The coefficient is dependent on temperature and for small temperature changes, it can be approximated by:^[2]

$α = \frac{1}{V_{0}} \frac{Δ V}{Δ T}$ (2)

One of the approximations used to model particle vibrations is the harmonic approximation, which implies that near the equilibrium bond distance particles undergo harmonic motion, a result based on the Taylor expansion of the potential energy. While it is a good starting point for calculations of lattice dynamics, an exactly harmonic potential does not account for the change in equilibrium bond distance with increasing temperature and therefore cannot explain thermal expansion.^[3] The origin of the thermal expansion can be understood by considering an anharmonic potential where the increase in temperature leads to an increase in the equilibrium bond length since the potential curve is no longer a symmetric parabola.

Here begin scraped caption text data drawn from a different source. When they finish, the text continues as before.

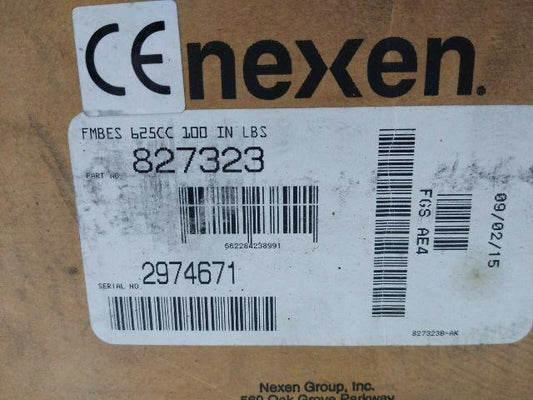 Nexen 827323 FMBES-625CC 100 IN LBS 120PSI Flange Mounted Spring Friction Brake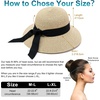 image:imageVIFUUR Womens Straw Hats Wide Brim Summer Visor Beach Sun Hat Packable UPF UV Foldable Travel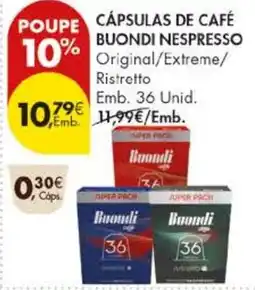 Pingo Doce cápsulas de café buondi nespresso promoção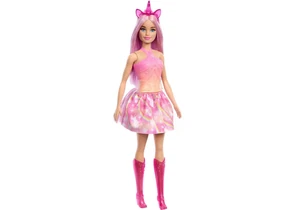 Barbie HRR13 Puppe Einhorn-Look mit Regenbogenhaar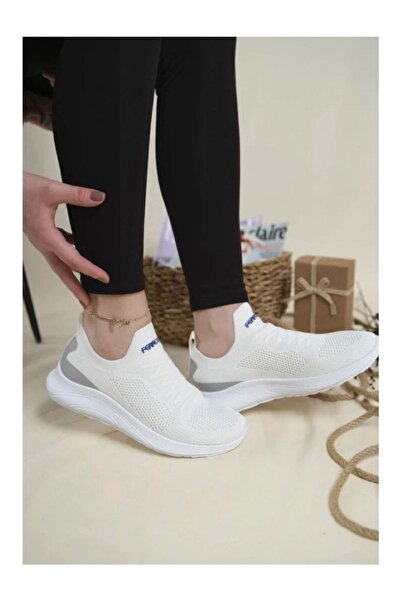 Demashoes Новий сезон без шнурків трикотажні білі кросівки Ferrozen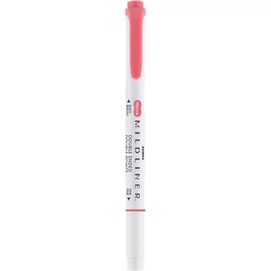 Szövegkiemelő, 1,0/3,5 mm, kétvégű  ZEBRA "Mildliner Cool & Refined" piros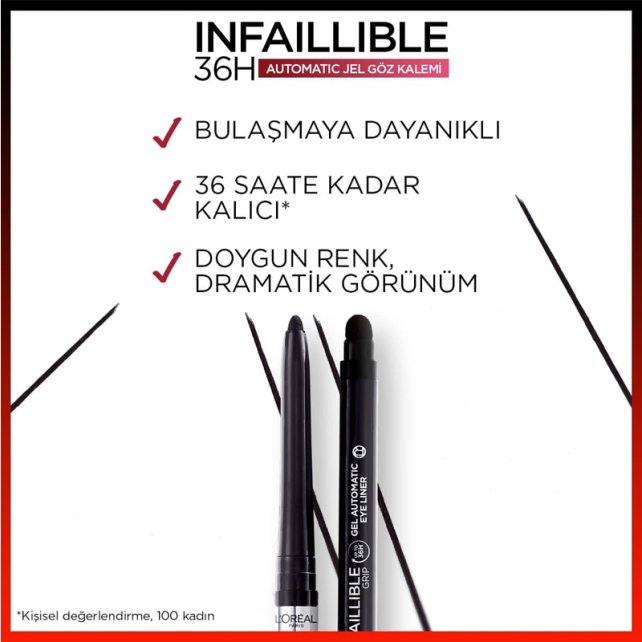 Loreal Paris Infaillible Gel Automatic Eyeliner - Jel Göz Kalemi No: 12 Bronzed Espresso - 3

The quasi-harmonic approximation extends the harmonic approximation by assuming that phonon frequencies depend on volume and by treating the equilibrium volume as a free parameter which is obtained at each temperature by minimising the free energy. The change in volume with temperature therefore renders the quasi-harmonic approximation suitable for the study of thermal expansion.^[4]^[5]

Another method which can be used to predict the thermal expansion of a solid is the molecular dynamics method, which is employed for studying the motion of particles by treating them classically. This method is implemented by updating the positions and velocities of each atom at each time step by computing the forces that act on it due to interactions with the other atoms. ^[6]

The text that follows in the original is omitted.